* _PROVIDED INFORMATION_:
#####

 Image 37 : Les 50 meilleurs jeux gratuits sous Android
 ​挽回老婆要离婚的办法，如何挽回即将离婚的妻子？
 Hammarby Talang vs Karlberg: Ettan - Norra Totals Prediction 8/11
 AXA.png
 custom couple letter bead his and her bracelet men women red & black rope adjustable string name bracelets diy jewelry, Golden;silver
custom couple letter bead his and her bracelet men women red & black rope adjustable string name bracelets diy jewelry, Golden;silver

#####

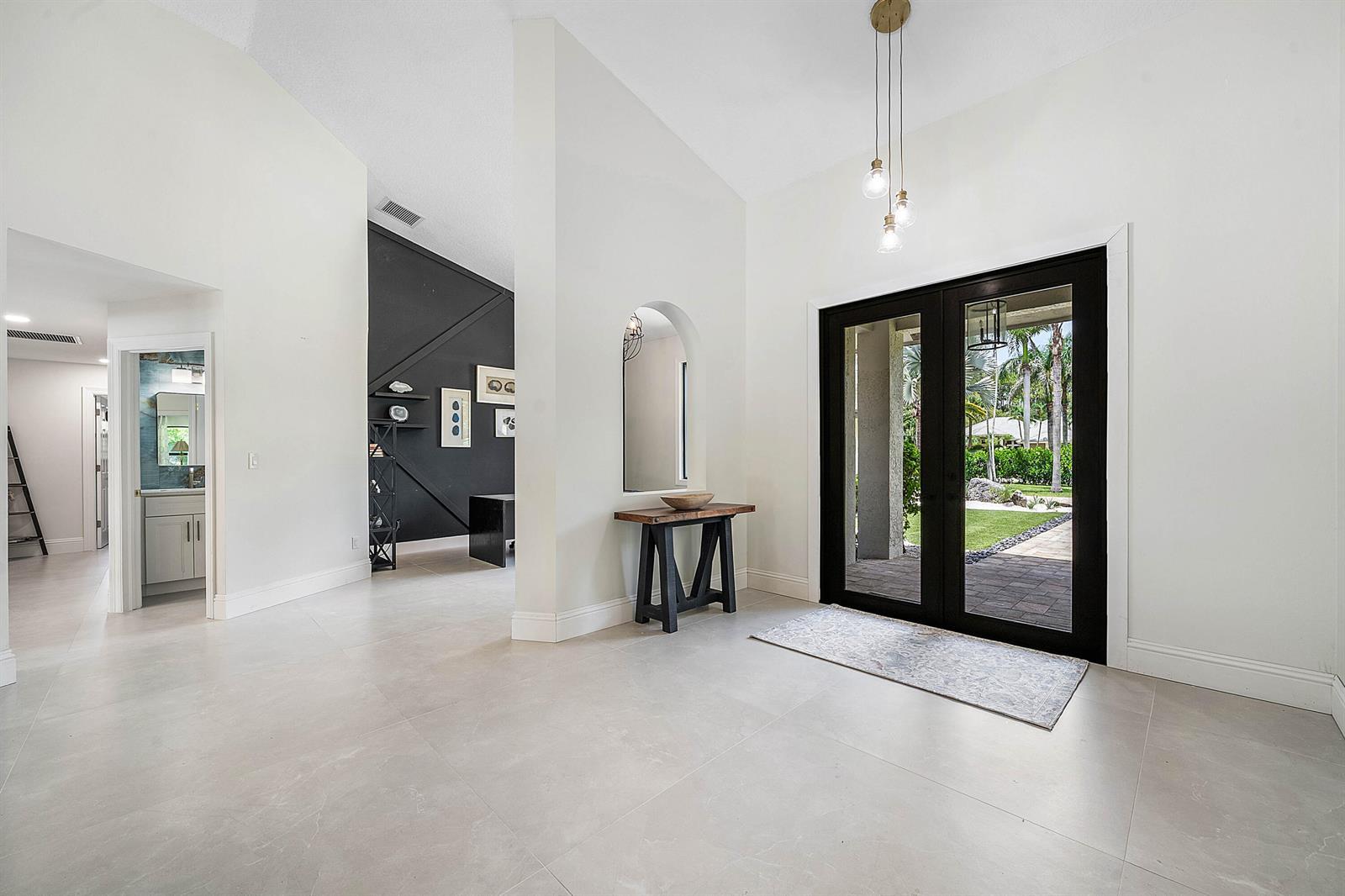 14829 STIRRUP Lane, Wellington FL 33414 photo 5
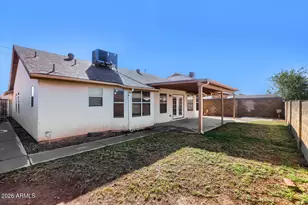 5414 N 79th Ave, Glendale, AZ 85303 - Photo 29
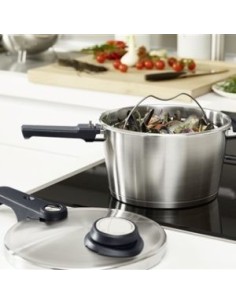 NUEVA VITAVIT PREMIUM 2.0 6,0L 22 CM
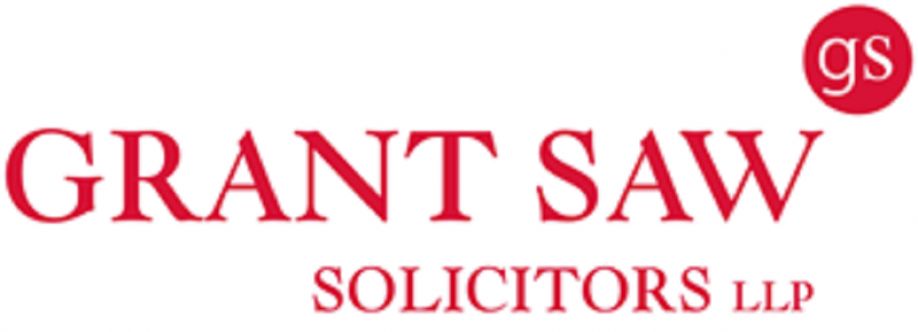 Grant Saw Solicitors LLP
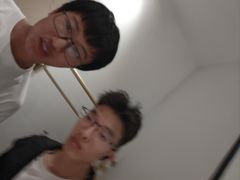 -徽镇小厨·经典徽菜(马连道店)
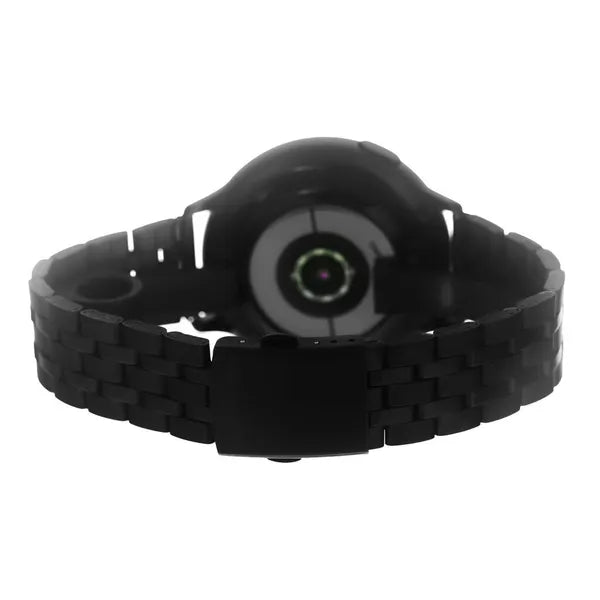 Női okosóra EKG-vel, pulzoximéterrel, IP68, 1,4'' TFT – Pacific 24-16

#####

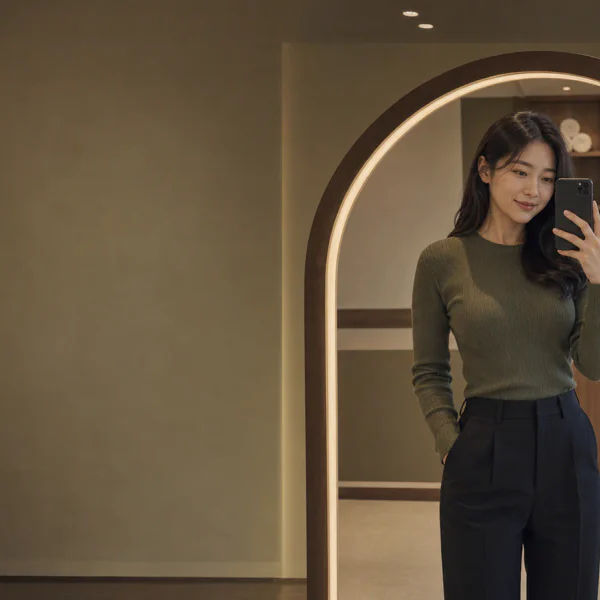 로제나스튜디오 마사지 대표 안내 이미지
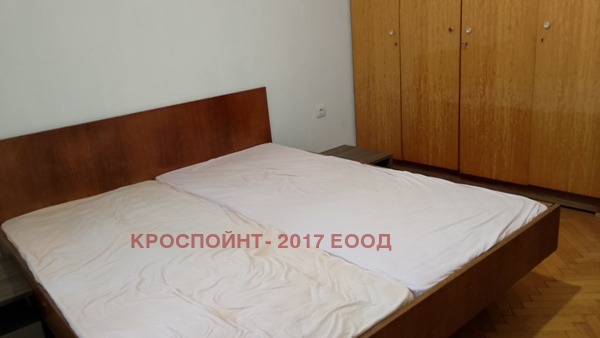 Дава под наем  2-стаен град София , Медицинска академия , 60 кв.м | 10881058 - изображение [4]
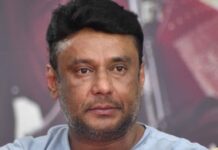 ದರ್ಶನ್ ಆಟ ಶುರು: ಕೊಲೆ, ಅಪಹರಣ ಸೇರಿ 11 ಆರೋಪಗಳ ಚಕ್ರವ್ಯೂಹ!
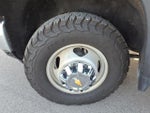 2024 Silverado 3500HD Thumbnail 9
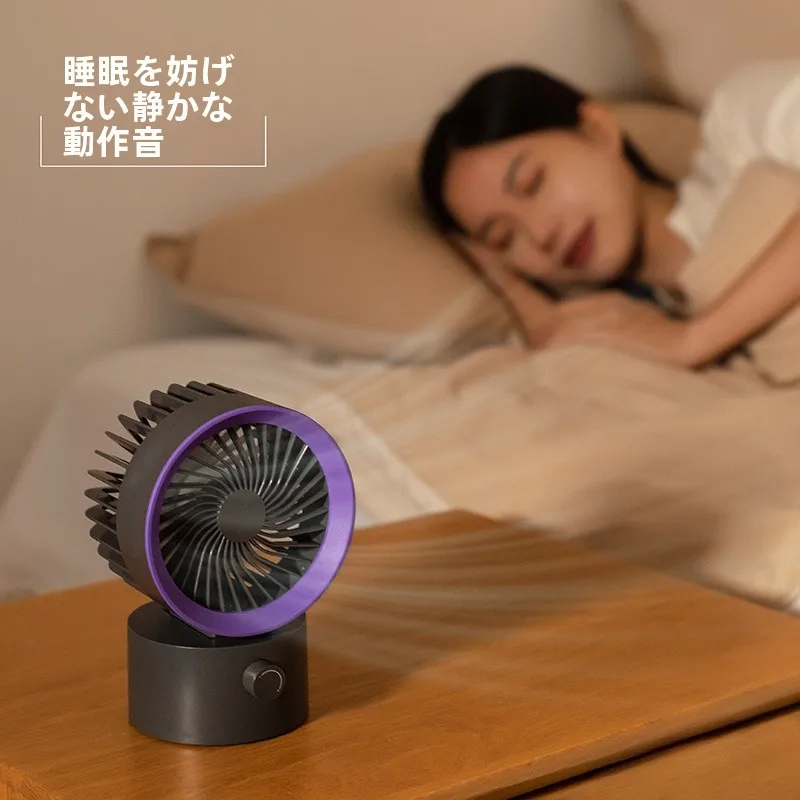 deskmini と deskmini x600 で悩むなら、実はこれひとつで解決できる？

#####

* _EXERCISE DIRECTIONS_:
Line by line, check the material above for the word "rope", then give the number of lines that hold it and nothing else.

* _SOLUTION_:
2